[Stored data Boundary: Start]

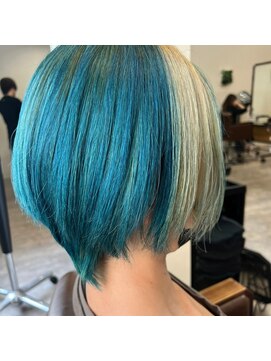 ナンバー エミライ 溝の口(N° emirai) ワンレンボブ前下がりショート内巻きワンカール鎖骨ミディアム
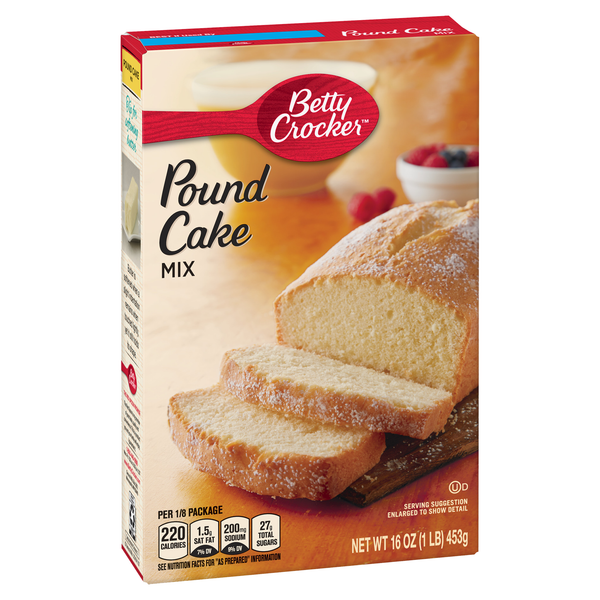 Betty Crocker Pound Cake Mix 453g sold by American Grocer in the UK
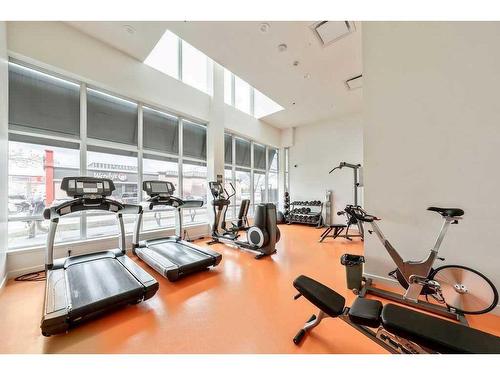 1207-3830 Brentwood Road Nw, Calgary, AB - Indoor Photo Showing Gym Room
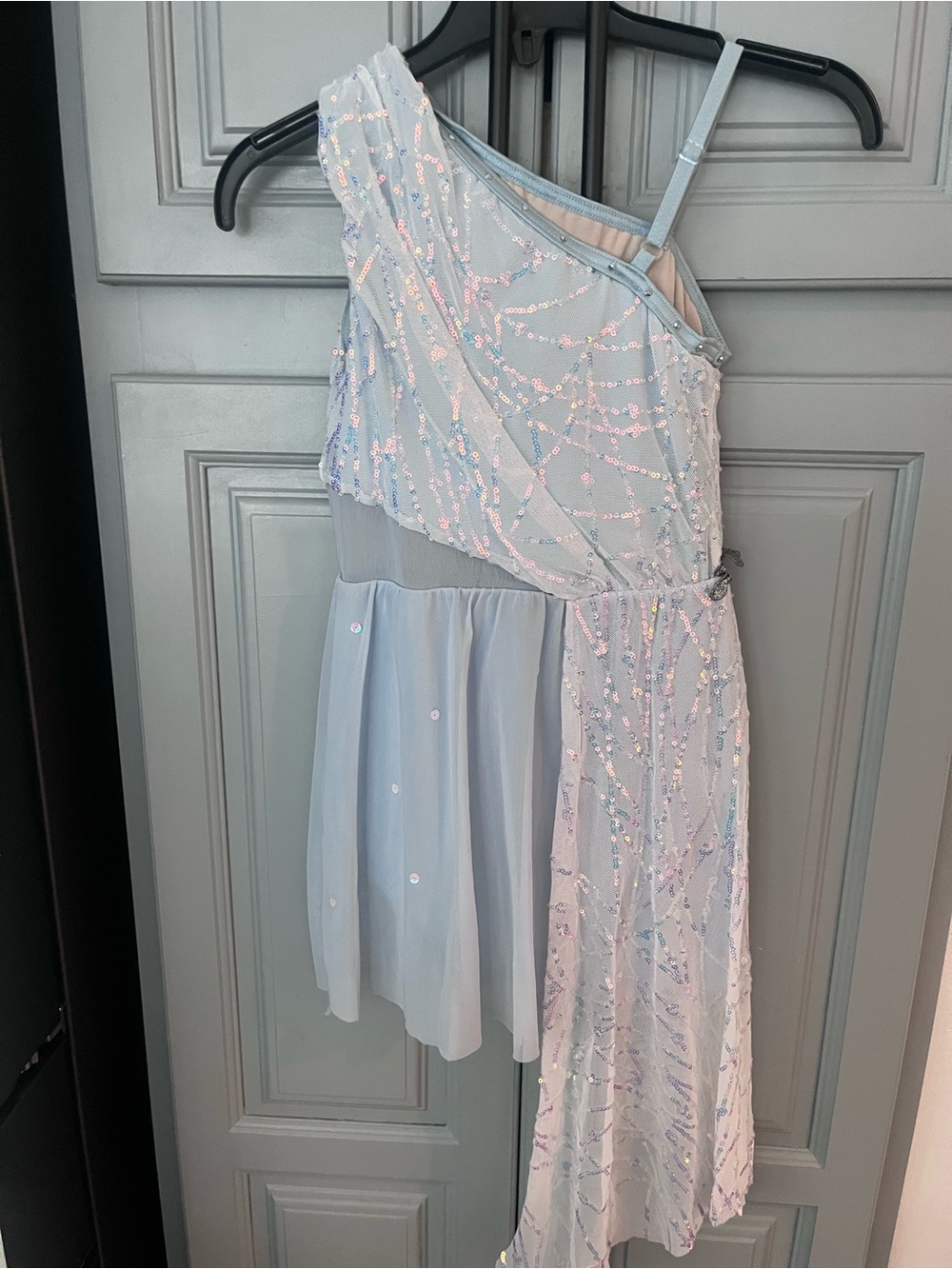 Weissman Perfect Style 14618 Draped Cascade Panel Lyrical Dress 2 Available - Picture 3 of 5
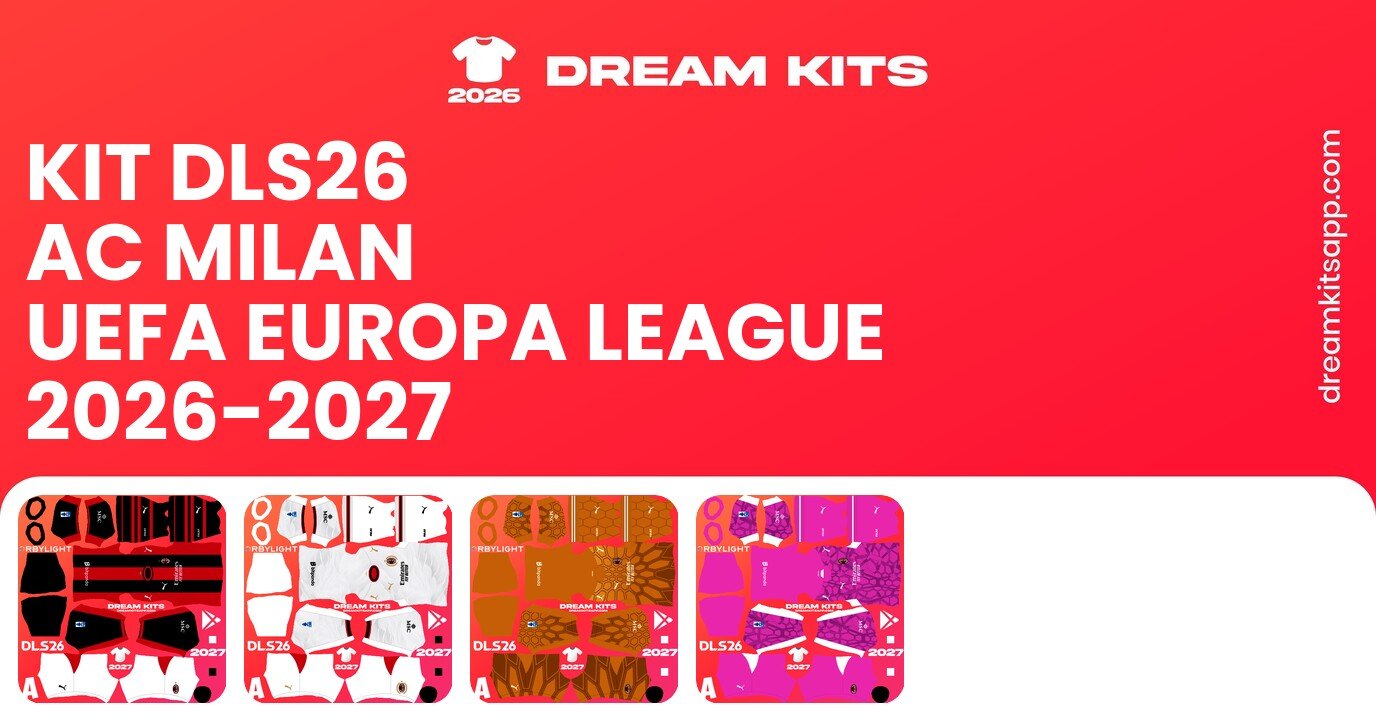 AC Milan Kits UEFA Europa League 2026-2027 DLS26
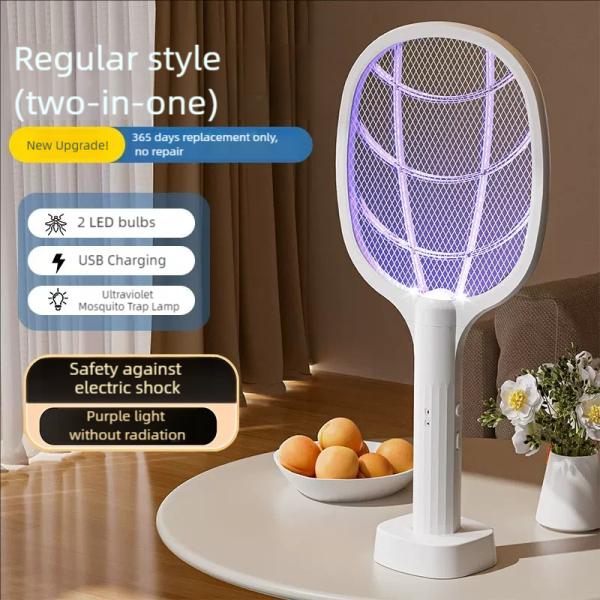 JZ Rechargeable Li Battery Safety Net 2 In 1 With A Base Mosquito Killer Lamp Bug Zapper Mosquito Control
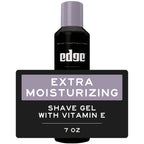 (3 Pack) Edge Extra Moisturizing Shave Gel for Men with Vitamin E, Fresh Scent, 7 Oz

[Stored data Boundary: End]

Your task is to repeat exactly the lines from the beginning of the data to the line that contains "JZ Rechargeable Li", both ends included, leaving out pictures.

# Exercise output
 ナンバー エミライ 溝の口(N° emirai) ワンレンボブ前下がりショート内巻きワンカール鎖骨ミディアム
 Betty Crocker Pound Cake Mix 453g sold by American Grocer in the UK
 1207-3830 Brentwood Road Nw, Calgary, AB - Indoor Photo Showing Gym Room
 Weissman Perfect Style 14618 Draped Cascade Panel Lyrical Dress 2 Available - Picture 3 of 5
 AC Milan Kits UEFA Europa League 2026-2027 DLS26
 JZ Rechargeable Li Battery Safety Net 2 In 1 With A Base Mosquito Killer Lamp Bug Zapper Mosquito Control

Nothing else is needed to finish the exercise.